My grandmother's was the ninth and last generation of her family to grow up in Elizabeth, New Jersey. Our ancestor John Ogden in 1664 was one of the four original patentees of Elizabethtown, the first English settlement in the Garden State. The Ogdens were prominent members of the community for the better part of three centuries, but times and fortunes changed and by 1942 the last of our immediate family had left for greener pastures. The city is now the 4th largest in New Jersey and the surrounding area heavily industrialized, though my grandmother recalled that the rail yards and tanneries were as odorous in her day as its refineries today.
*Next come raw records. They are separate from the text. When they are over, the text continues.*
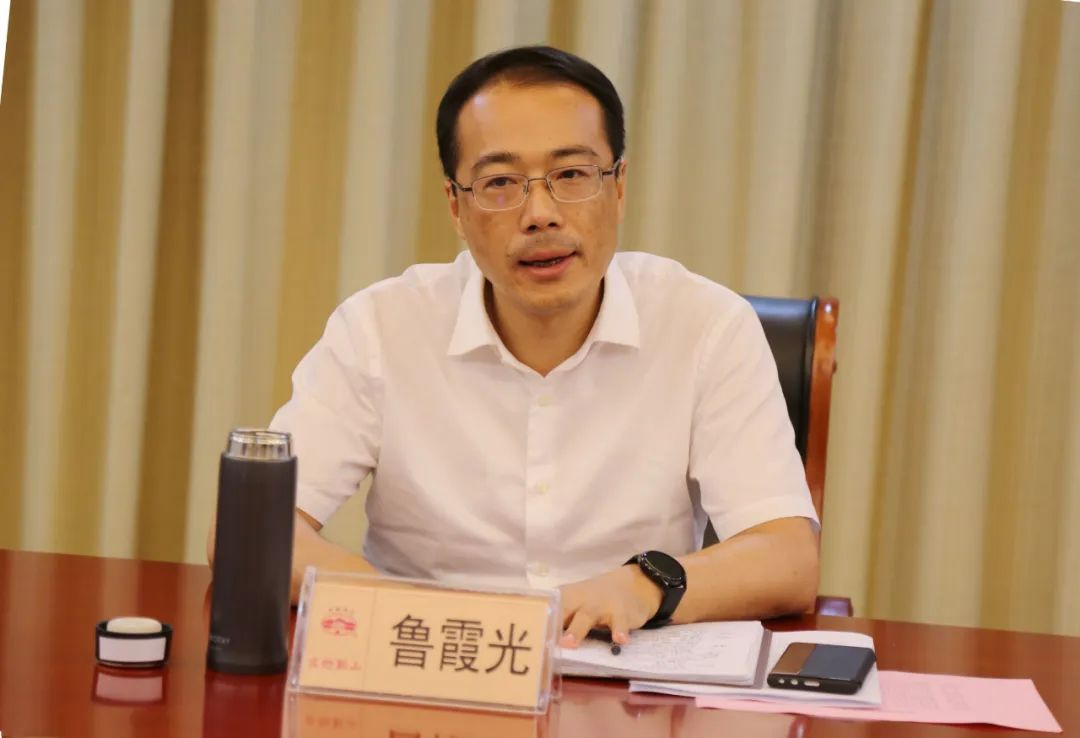 1658541949883182.jpg 5.jpg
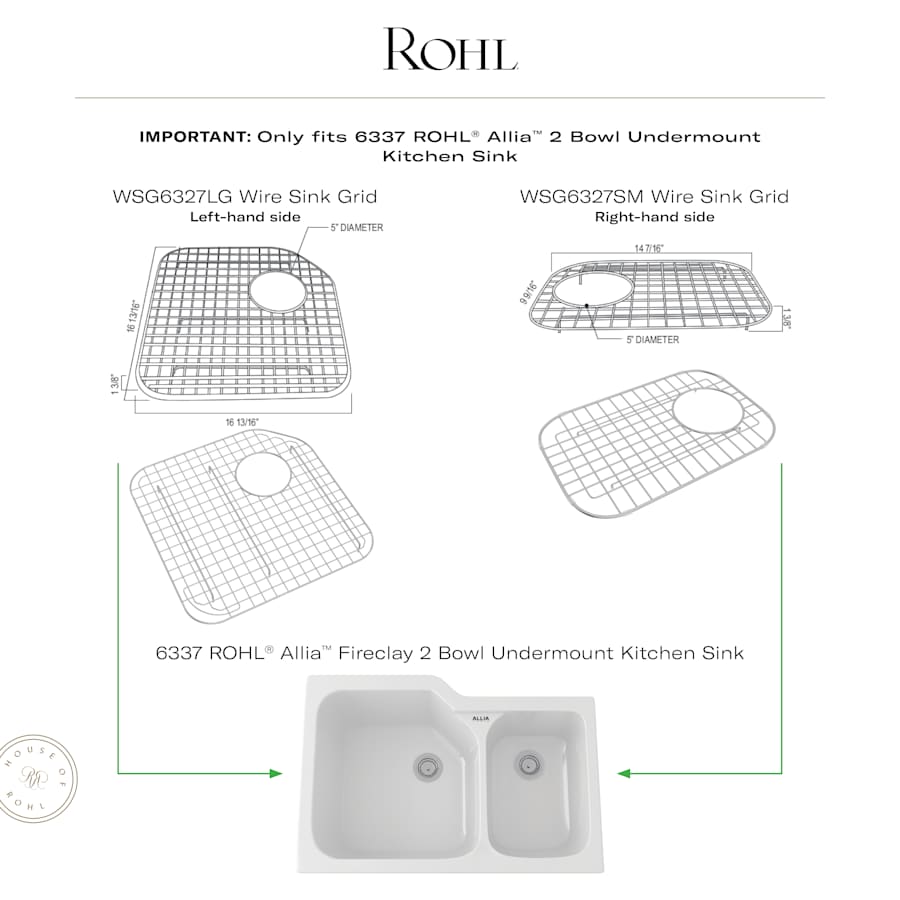 rohl-wsg6327lg-alternate-image-33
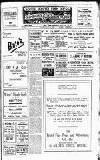 South Bristol Free Press and Bedminster, Knowle & Brislington Record Saturday 02 June 1923 Page 1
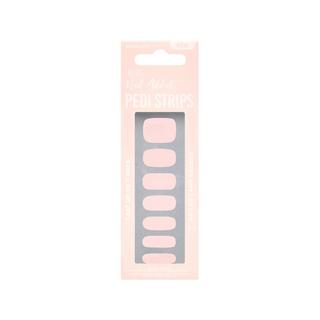 ARDELL Kiss Me Quick Pedi Strips 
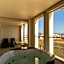 Delta Hotels Olbia Sardinia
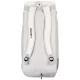 HEAD Tour Racket Bag L White Padel Bag - image 4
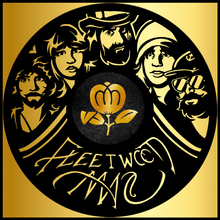 Load image into Gallery viewer, metallic-gold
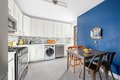 Additional image 5 of 1100 Grand Concourse Apt 4A, Bronx, NY, 10456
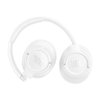 Imagen de Auriculares Bluetooth JBL Tune 730BT Over-Ear Multipunto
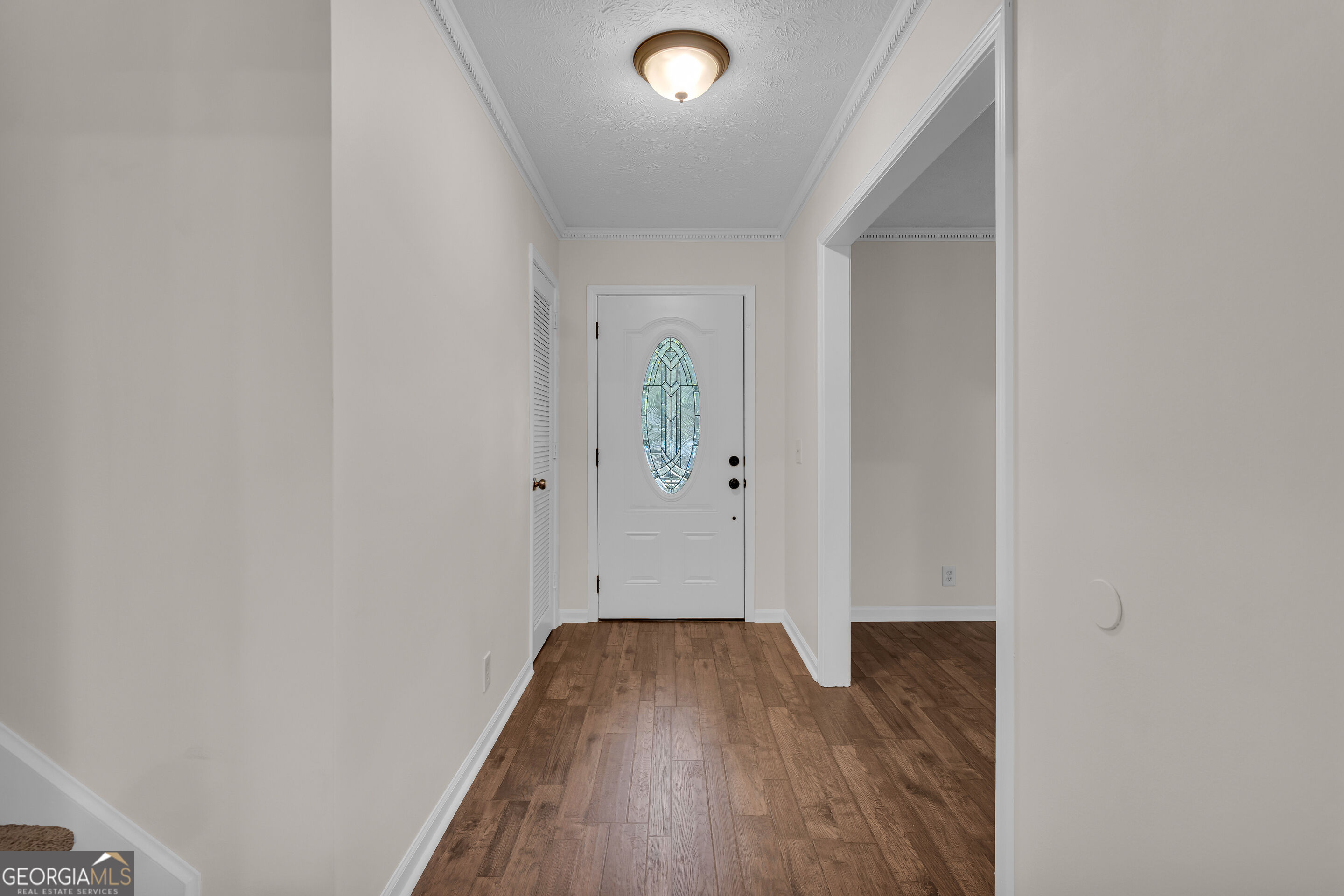 832 Sweet Briar Lane Se Property Photo 14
On impulse, I took a side trip to Elizabeth while driving to Philadelphia on Wednesday. I had no map, nor a clear idea of where to find the landmarks of my grandmother's hometown. I figured that the center of town would be a good place to start, and as I drove through a succession of rundown neighborhoods I kept an eye out for the spires of St. John's Episcopal Church, where many of my Revolutionary-era ancestors are buried. I turned right on Broad St. and found myself heading for the Town Hall and suddenly there was the church, and across the street the Presbyterian church where my great uncle Dayt was married in 1942. I pulled into a parking space, and stepped out into the unusually warm sunshine of a balmy late winter day.
I knew that this was not my grandmother's Elizabeth, but it really sank in as I stood by the historic graveyard and found not only its gates locked and barred but padlocked chains across the entrance to the church itself, presumably to keep vagrants and vandals off the premises. It also kept me from the bones of my kin, including Jonathan Dayton, Signer of the US Constitution, and brothers Aaron and Matthias Ogden. There are oxidized plaques on the church walls and several other buildings downtown placed by patriotic Elizabethans more than 100 years ago to honor their forebears who fought in the Revolution, but they are not the names of today's residents and it is not their history.
Modern Elizabeth is nearly 50% Hispanic and 20% African-American. 18% of the city population lives below the poverty line. It has New Jersey's largest Urban Enterprise Zone. Its official city website plays up its historic attractions, but on Wednesday I was the only tourist on Broad Street outside the padlocked cemeteries looking in. Part of me was disappointed, but this is not my city and I am not entitled to special treatment just because my people were once is citizens. The cemeteries here belong to the dead, and the rest of Elizabeth to living Elizabethans. I got back in my truck and headed back to the highway.